■ **What to do**:
The records beneath should be restated word for word.
++++ Source material ++++
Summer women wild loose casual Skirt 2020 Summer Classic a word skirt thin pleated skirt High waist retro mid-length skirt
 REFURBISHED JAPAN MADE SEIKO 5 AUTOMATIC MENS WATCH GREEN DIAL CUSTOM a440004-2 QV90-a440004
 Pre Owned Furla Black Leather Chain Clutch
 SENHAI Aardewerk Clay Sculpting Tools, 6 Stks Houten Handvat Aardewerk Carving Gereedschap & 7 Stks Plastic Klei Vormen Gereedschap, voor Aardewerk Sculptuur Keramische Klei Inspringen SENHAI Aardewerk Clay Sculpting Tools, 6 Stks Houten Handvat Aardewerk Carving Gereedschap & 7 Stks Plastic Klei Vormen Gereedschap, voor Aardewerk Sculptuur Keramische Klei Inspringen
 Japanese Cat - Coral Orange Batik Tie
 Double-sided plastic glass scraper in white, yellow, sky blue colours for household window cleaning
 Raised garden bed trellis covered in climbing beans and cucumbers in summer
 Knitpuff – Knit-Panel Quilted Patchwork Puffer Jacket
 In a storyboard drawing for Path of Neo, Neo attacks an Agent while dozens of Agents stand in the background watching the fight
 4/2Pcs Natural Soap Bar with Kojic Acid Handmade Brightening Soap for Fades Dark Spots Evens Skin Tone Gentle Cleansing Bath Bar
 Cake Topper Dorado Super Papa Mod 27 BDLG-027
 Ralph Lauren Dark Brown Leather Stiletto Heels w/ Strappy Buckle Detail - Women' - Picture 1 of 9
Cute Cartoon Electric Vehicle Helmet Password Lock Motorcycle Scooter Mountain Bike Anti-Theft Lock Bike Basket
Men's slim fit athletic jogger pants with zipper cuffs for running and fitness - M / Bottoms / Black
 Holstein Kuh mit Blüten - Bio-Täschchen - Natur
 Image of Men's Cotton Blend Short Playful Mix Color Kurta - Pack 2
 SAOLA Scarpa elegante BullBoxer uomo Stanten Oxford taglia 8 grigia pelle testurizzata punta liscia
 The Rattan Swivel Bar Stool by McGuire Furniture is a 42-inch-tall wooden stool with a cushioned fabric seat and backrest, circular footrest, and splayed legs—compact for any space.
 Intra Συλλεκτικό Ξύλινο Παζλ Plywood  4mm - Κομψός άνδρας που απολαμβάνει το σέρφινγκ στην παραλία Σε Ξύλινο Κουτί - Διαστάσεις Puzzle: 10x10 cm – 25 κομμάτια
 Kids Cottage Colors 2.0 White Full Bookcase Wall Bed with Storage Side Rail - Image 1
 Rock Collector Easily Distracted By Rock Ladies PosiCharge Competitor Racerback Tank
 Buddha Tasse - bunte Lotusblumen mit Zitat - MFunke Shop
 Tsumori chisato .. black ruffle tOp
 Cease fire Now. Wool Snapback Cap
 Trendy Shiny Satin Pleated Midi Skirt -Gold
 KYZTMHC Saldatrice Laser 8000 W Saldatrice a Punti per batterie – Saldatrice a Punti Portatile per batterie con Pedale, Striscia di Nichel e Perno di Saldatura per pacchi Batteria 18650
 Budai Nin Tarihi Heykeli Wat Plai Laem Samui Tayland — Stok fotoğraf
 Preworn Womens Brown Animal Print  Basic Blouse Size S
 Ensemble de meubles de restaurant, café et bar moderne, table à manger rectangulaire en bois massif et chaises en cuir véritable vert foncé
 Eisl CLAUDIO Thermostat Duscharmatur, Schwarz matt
++++
■ **Task output**:
Summer women wild loose casual Skirt 2020 Summer Classic a word skirt thin pleated skirt High waist retro mid-length skirt
 REFURBISHED JAPAN MADE SEIKO 5 AUTOMATIC MENS WATCH GREEN DIAL CUSTOM a440004-2 QV90-a440004
 Pre Owned Furla Black Leather Chain Clutch
 SENHAI Aardewerk Clay Sculpting Tools, 6 Stks Houten Handvat Aardewerk Carving Gereedschap & 7 Stks Plastic Klei Vormen Gereedschap, voor Aardewerk Sculptuur Keramische Klei Inspringen SENHAI Aardewerk Clay Sculpting Tools, 6 Stks Houten Handvat Aardewerk Carving Gereedschap & 7 Stks Plastic Klei Vormen Gereedschap, voor Aardewerk Sculptuur Keramische Klei Inspringen
 Japanese Cat - Coral Orange Batik Tie
 Double-sided plastic glass scraper in white, yellow, sky blue colours for household window cleaning
 Raised garden bed trellis covered in climbing beans and cucumbers in summer
 Knitpuff – Knit-Panel Quilted Patchwork Puffer Jacket
 In a storyboard drawing for Path of Neo, Neo attacks an Agent while dozens of Agents stand in the background watching the fight
 4/2Pcs Natural Soap Bar with Kojic Acid Handmade Brightening Soap for Fades Dark Spots Evens Skin Tone Gentle Cleansing Bath Bar
 Cake Topper Dorado Super Papa Mod 27 BDLG-027
 Ralph Lauren Dark Brown Leather Stiletto Heels w/ Strappy Buckle Detail - Women' - Picture 1 of 9
Cute Cartoon Electric Vehicle Helmet Password Lock Motorcycle Scooter Mountain Bike Anti-Theft Lock Bike Basket
Men's slim fit athletic jogger pants with zipper cuffs for running and fitness - M / Bottoms / Black
 Holstein Kuh mit Blüten - Bio-Täschchen - Natur
 Image of Men's Cotton Blend Short Playful Mix Color Kurta - Pack 2
 SAOLA Scarpa elegante BullBoxer uomo Stanten Oxford taglia 8 grigia pelle testurizzata punta liscia
 The Rattan Swivel Bar Stool by McGuire Furniture is a 42-inch-tall wooden stool with a cushioned fabric seat and backrest, circular footrest, and splayed legs—compact for any space.
 Intra Συλλεκτικό Ξύλινο Παζλ Plywood  4mm - Κομψός άνδρας που απολαμβάνει το σέρφινγκ στην παραλία Σε Ξύλινο Κουτί - Διαστάσεις Puzzle: 10x10 cm – 25 κομμάτια
 Kids Cottage Colors 2.0 White Full Bookcase Wall Bed with Storage Side Rail - Image 1
 Rock Collector Easily Distracted By Rock Ladies PosiCharge Competitor Racerback Tank
 Buddha Tasse - bunte Lotusblumen mit Zitat - MFunke Shop
 Tsumori chisato .. black ruffle tOp
 Cease fire Now. Wool Snapback Cap
 Trendy Shiny Satin Pleated Midi Skirt -Gold
 KYZTMHC Saldatrice Laser 8000 W Saldatrice a Punti per batterie – Saldatrice a Punti Portatile per batterie con Pedale, Striscia di Nichel e Perno di Saldatura per pacchi Batteria 18650
 Budai Nin Tarihi Heykeli Wat Plai Laem Samui Tayland — Stok fotoğraf
 Preworn Womens Brown Animal Print  Basic Blouse Size S
 Ensemble de meubles de restaurant, café et bar moderne, table à manger rectangulaire en bois massif et chaises en cuir véritable vert foncé
 Eisl CLAUDIO Thermostat Duscharmatur, Schwarz matt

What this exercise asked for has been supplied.